Tana said, “I’ll have you know that desperate bullshit is the specialty of the house.”
Donna twitched—then laughed.
“You’re off the crutch,” Robin said. “And you’re in heels. How are you in heels after getting shot in the foot?”
Donna turned a watery glare upon her. “I want to see Gwen.”
“No,” Allie said. “And if you try to come to her funeral, Donna, I’ll fight you. I’ll fight you right there next to the grave,
with my fists and everything.”
Something, some gentle emotion, passed across Donna’s face, and Allie felt it like a physical blow. It was so rare to see anything gentle in her face.
“With your fists and everything,” Donna said.
“She won’t have to do that,” Tana said, and she slid off the windowsill to stand next to Allie. When she took Allie’s hand,
Allie almost jumped. It was as if Tana had placed a wire with live current running through it into her palm. “Because you
get anywhere near her, I’ll get you by the scruff of the neck and haul your scrawny ass to the curb.”
Donna struggled with a smile. She nodded and said to Allie, “Good. It’s about time you found someone who’d stand up for you.
I never did. Not once. Why you cared for me, I’ll never know. You were like Van. Something good that just fell in my path.
I saw him, you know. Van. Last week. We went to the beach. He gave me a sand dollar.” Donna held out one fist, then slowly
opened it and looked into it. Her palm was empty. “In a dream, anyway. It wasn’t real. Just an idea. But then I was thinking,
in a way, King Sorrow is also just an idea, and look at all he’s done. If King Sorrow can be imaginary but real, so can Van’s
sand dollar.”
“Have you been drinking?” Robin asked and arched an eyebrow.
“Oh yeah. You’d never guess what,” Donna said. She dropped her hand. “There isn’t going to be any funeral. Not for Gwen. Not
if you let me see her.” She dug in her Michael Kors purse and produced a dusty glass bottle. It had been sealed with wax,
but the wax had split and crumbled when someone had yanked the cork. Allie recalled it from the last time she opened the Cabinet.
“Colin took this from the troll’s cave.” Glancing now at Robin Fellows. “He’s used it for years to keep himself young and
fit. It’s the blood of a saint.”
“Thousand-year-old blood would be dry as clay,” Robin said.

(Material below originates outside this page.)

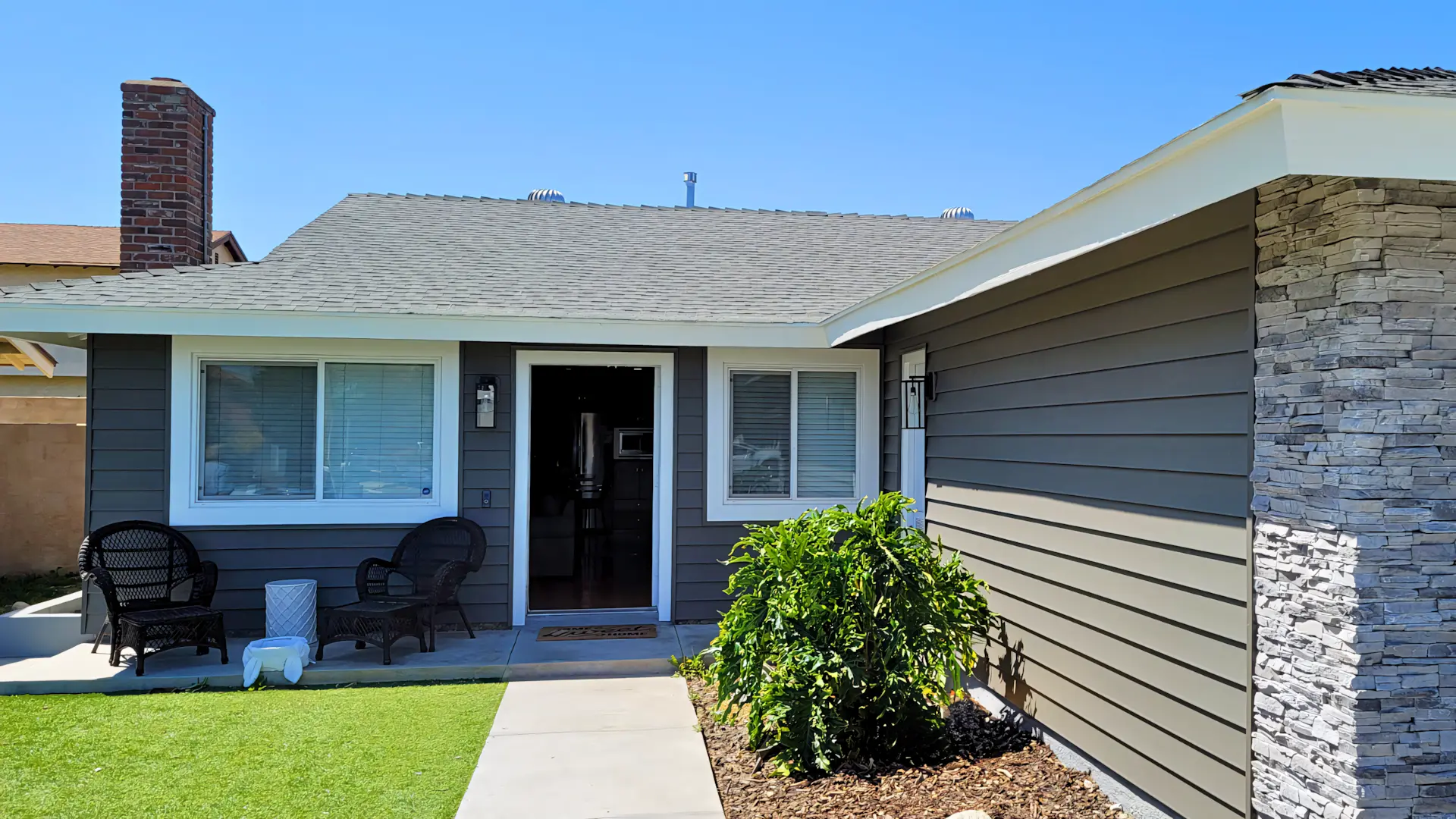 A full color 1920x1080 webp image of a home with newly installed siding by CAT Exteriors.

“It should be, but it isn’t. Colin has a terror of being ill, of being weak, of being old. He was planning to live to be a
hundred and twenty. All the tech bros are planning to be a hundred and twenty, but Colin is the only one who might’ve pulled
it off. If he didn’t get shot first.”
“I don’t believe you. That’s poison. Same as dragon tears,” Allie said.
“Why would I poison her, Allie? She’s going to die in three weeks anyway.”
“Because you hate her. You hate her because she’s a good person and you aren’t.”
Donna sat on the coffee table and unstrapped her right heel and stuck her leg out. “Where was I shot? Show me where I was
shot, Allie.”
Allie didn’t want to look at Donna’s leg, at the line of white thigh disappearing into her skirt. She didn’t trust herself
to touch her ankle. It was Robin who lowered herself to one knee, took the foot in both hands, and considered it, moving it
this way and that.
“I don’t even see a scar.”
“I applied blood to the wound, three days ago. And had a small sip. At the time, my ankle was shattered and there were eight
stitches sealing the bullet hole. Forty-eight hours ago, the bone was healed, and the wound was an angry red scar, shaped
like a comma. By then I could put weight on it without pain. That scar was still there last night, when I went to bed, but
it looked at least twenty years old. It was gone this morning.”
“She’s lying,” Allie said. “Messing with us. I don’t know how or why, but I know what she’s like. That’s a bottle of some
evil magical strychnine.”
Tana gave Allie a sidelong look that was almost pleading. “I don’t think she’s lying, babe. Her foot is better.”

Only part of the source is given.